(Pictures with short captions):

▼

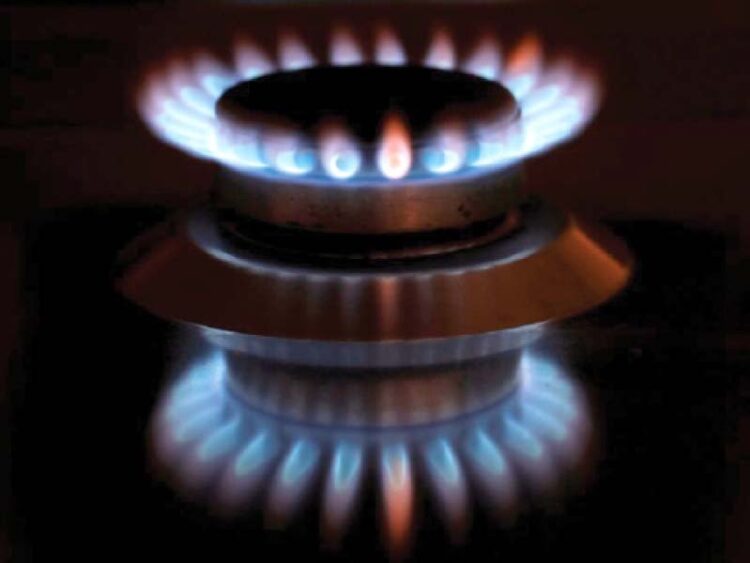 Plan to set  up gas utility courts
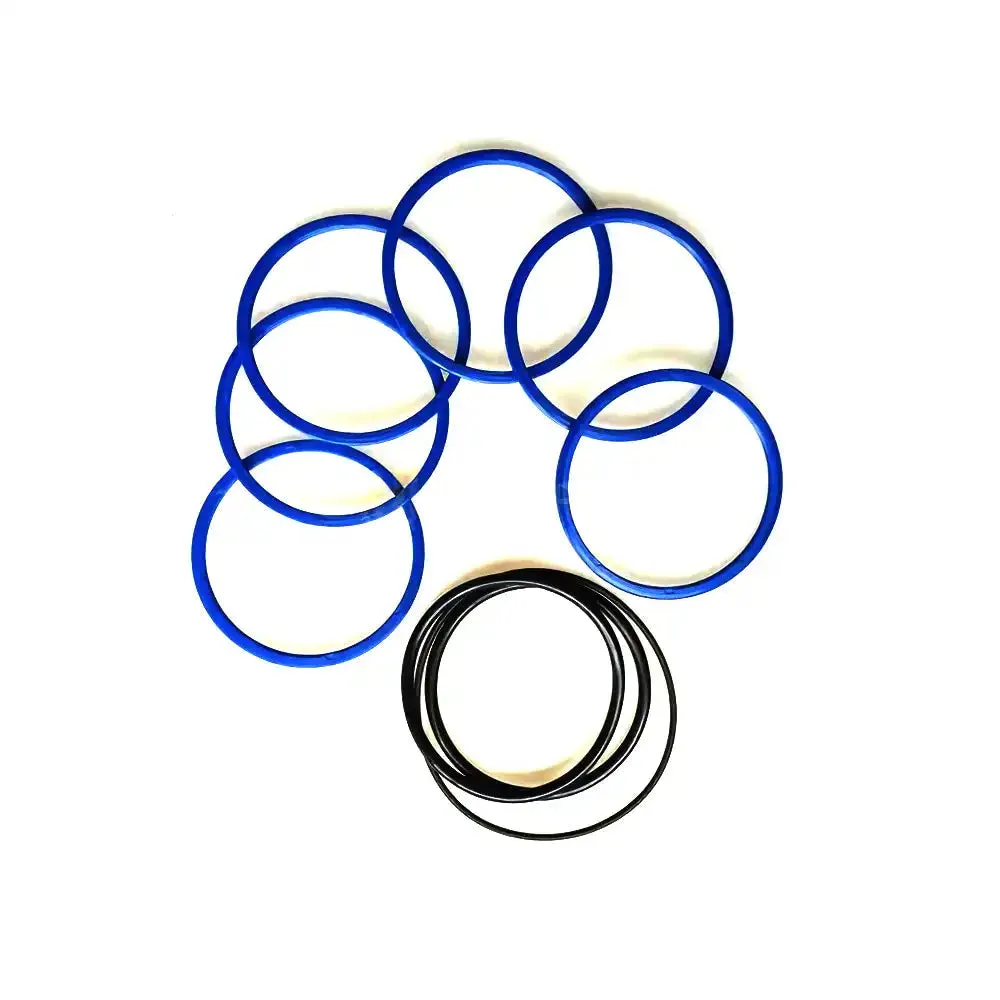 Swivel Joint Seal Kit For SUMITOMO SH340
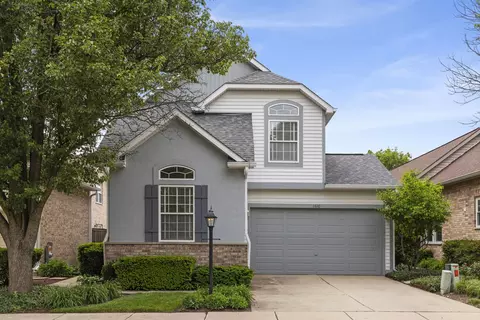 1610 Astor Ave, Oakbrook Terrace, IL 60181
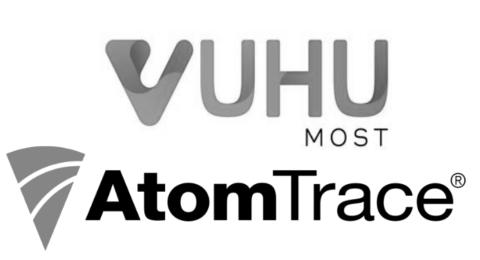 VUHU Representative Visits AtomTrace: A Step Towards Future Collaboration
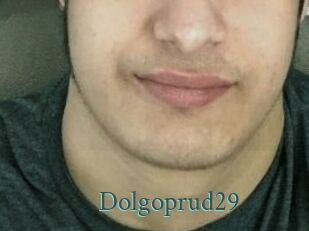 Dolgoprud29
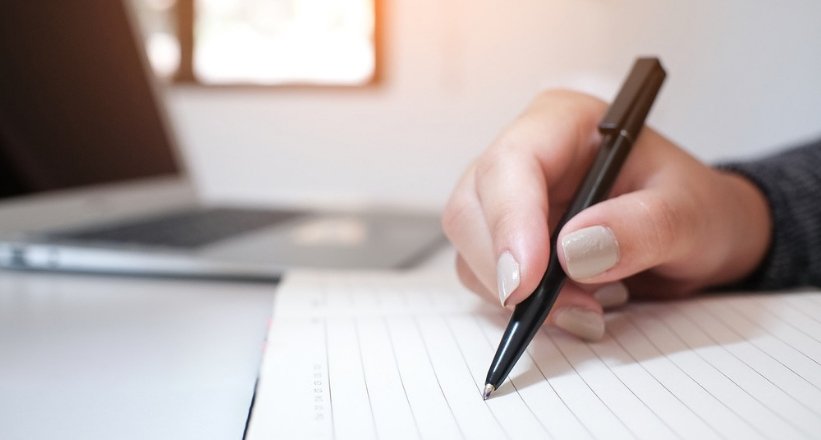 首页-KY开元游戏集团官网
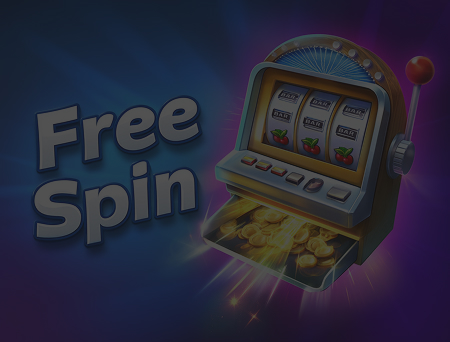 Blue Chip Casino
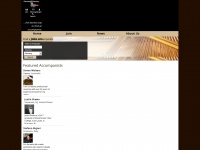 pianoaccompanists.com Thumbnail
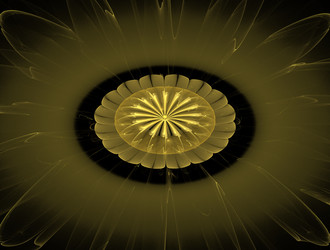 Similar image 21638963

▲

(YOUR GOAL): Before duplicating, set the pictures aside; then output exactly the lines from the one with "首页-KY开元游戏集团官网" through the end of the records, and only those.

(RESPONSE AREA):
 首页-KY开元游戏集团官网
 Blue Chip Casino
 pianoaccompanists.com Thumbnail
 Similar image 21638963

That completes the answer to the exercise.